**The problem:**
Please return, with no alterations, the lines below from the very first through the one that contains "The manual covers".

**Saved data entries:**
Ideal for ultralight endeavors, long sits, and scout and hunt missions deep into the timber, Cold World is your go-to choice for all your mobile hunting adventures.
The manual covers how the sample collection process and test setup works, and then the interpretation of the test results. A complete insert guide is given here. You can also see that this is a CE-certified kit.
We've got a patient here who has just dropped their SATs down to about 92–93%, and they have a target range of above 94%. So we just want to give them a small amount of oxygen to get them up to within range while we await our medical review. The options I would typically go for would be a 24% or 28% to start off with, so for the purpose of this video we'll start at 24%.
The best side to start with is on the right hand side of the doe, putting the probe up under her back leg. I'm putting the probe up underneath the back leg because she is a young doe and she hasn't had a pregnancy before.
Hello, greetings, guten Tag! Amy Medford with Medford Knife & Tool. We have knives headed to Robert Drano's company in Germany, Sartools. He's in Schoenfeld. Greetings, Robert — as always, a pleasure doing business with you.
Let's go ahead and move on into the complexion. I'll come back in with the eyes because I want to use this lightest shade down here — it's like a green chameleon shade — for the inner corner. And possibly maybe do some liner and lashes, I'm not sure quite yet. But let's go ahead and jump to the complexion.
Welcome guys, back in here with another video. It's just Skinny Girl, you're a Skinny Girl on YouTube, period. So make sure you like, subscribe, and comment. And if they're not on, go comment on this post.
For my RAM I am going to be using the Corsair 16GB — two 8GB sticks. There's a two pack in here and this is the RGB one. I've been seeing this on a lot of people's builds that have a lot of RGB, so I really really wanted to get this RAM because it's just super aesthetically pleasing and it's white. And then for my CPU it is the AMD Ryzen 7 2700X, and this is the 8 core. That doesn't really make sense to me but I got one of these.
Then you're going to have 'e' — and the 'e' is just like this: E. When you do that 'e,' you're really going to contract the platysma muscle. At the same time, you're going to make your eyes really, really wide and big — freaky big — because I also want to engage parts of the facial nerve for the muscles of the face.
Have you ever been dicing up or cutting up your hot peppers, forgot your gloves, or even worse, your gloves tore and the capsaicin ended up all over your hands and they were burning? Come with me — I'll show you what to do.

**Written reply:**
Ideal for ultralight endeavors, long sits, and scout and hunt missions deep into the timber, Cold World is your go-to choice for all your mobile hunting adventures.
The manual covers how the sample collection process and test setup works, and then the interpretation of the test results. A complete insert guide is given here. You can also see that this is a CE-certified kit.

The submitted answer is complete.